Friday, January 16, 2015

Jonathan Butcher- Two Poems


Envelope

Those soiled rubber bands, lay in wait around
my thinning wrist. They now sag, strained by
the third hour of toil. I await the ever expanding
pile of envelopes like a convict awaiting the feel
of grass under hardened feet.

The machine jams up once more, as the machinist
wipes the sweat from his grit covered brow. I avoid any
form of eye contact whilst he mumbles his hangover
drenched soliloquies. My feet slip in the puddles of
oil that gather at the machines rusted feet.

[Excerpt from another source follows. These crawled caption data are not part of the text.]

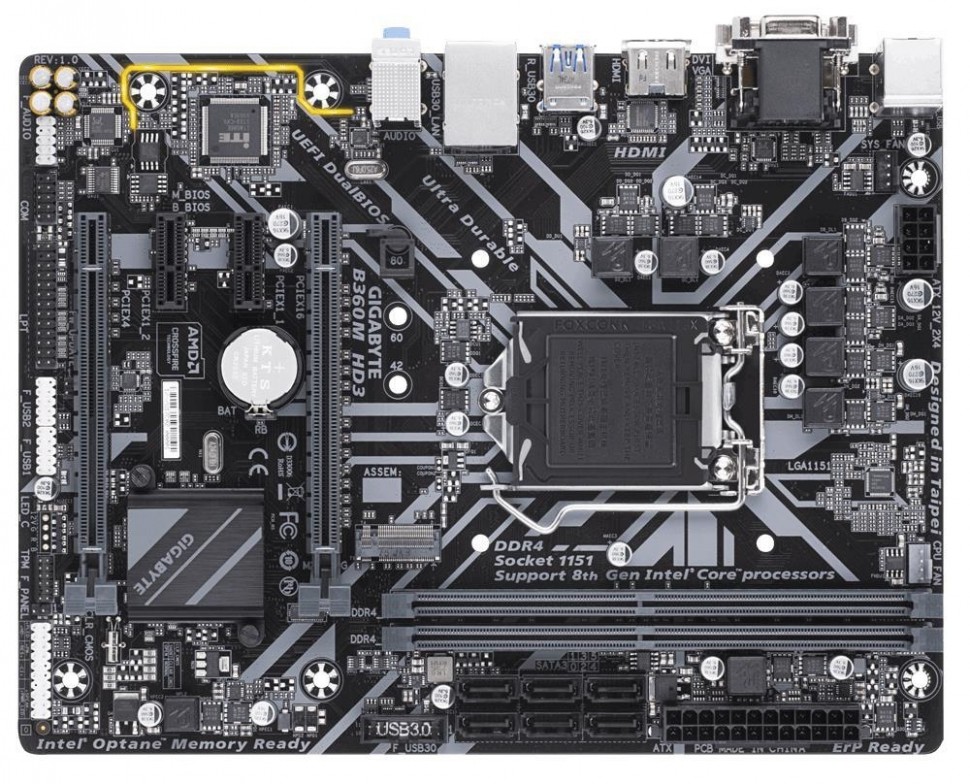 Материнская плата B360 S1151 MATX B360M HD3 GIGABYTE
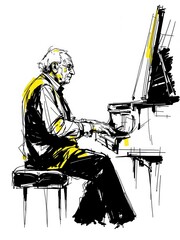 Dynamic sketch illustration of a mature man passionately playing a grand piano, isolated on white background.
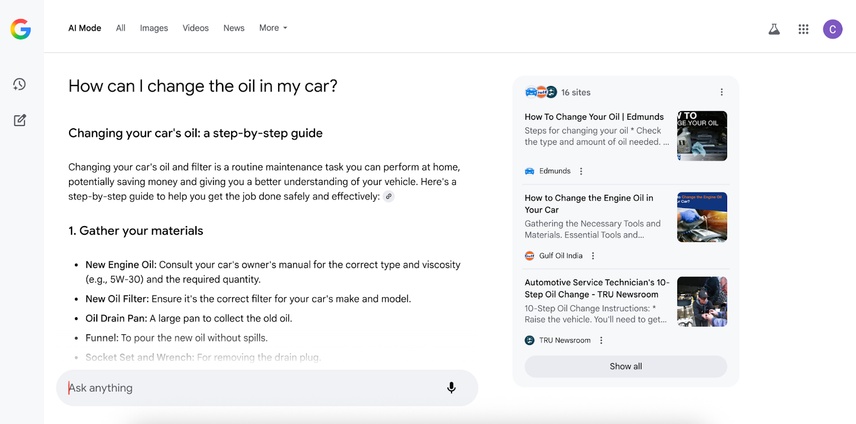 Screenshot of Google's AI Mode results page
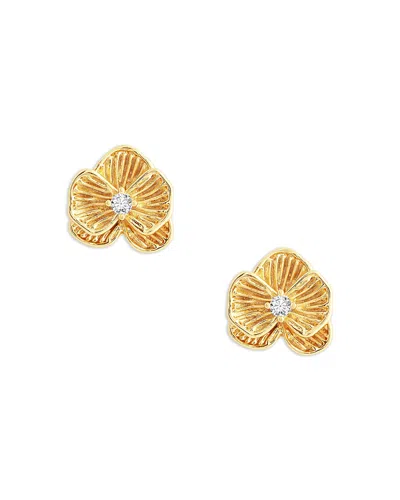 Anabel Aram Pave Orchid Stud Earrings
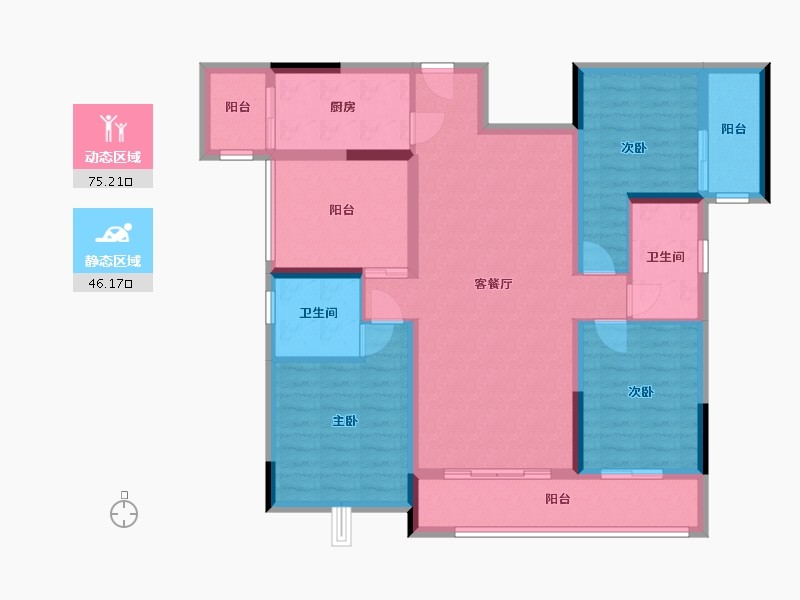 贵州省-毕节市-中瑞梦想城-116.50-户型库-动静分区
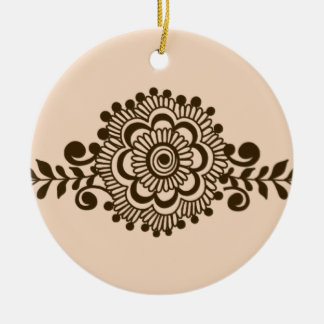 Brown Henna Tattoo - Brown Mehendi Motifs Ceramic Ornament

The rest of the faces of the shop floor remain pensive,
the skeletal shadows of the iron balcony loom above. It
always threatens to collapse, to finally merge each body here
within this building's ever enclosing  walls; I stopped
counting any cash I've made hours ago.

And again the cogs begin to turn, my dizziness now
stable, as the streams of unmatched junk mail once
again start their smirking march across the conveyer
belt. I match numbers to addresses, addresses to numbers,
And the clocks hands still haven't moved an inch.
 

 
Static

Sat in those bars that I so despised, back when I blew out
derision amidst clouds of green smoke. My breath like
December morning fog, never allowing the scarred
surrounding faces any chance to emerge and have their
say.

Under each shadow I would cower, the only audible sound
was the chaffing of my jeans, their ears still oblivious. Their
ill-fitting polo shirts would waft around their expanding waists,
creating a breeze as annoying as the static on that broken, cracked
T.V.

The outside heat amongst the screaming children and barking dogs,
that still air that never promises stable weather. No longer does this
time seem as fulfilled and endless as it did the decades previous. In
this room I once held precious I now feel like a stranger, my eyes now
dulled.

I'm cast back to the time when we would weave in and out of each
others heads and pockets, bathing on hot concrete; the broken bottles
framing our feet. Each back street and field would be marked by our
often uninvited presence and smeared footprint. Territories owned by our
touch. 
 
 

Jonathan Butcher has had poetry appear in various print on online publications.
His second chapbook 'Broken Slates' was recently published by Flutter Press.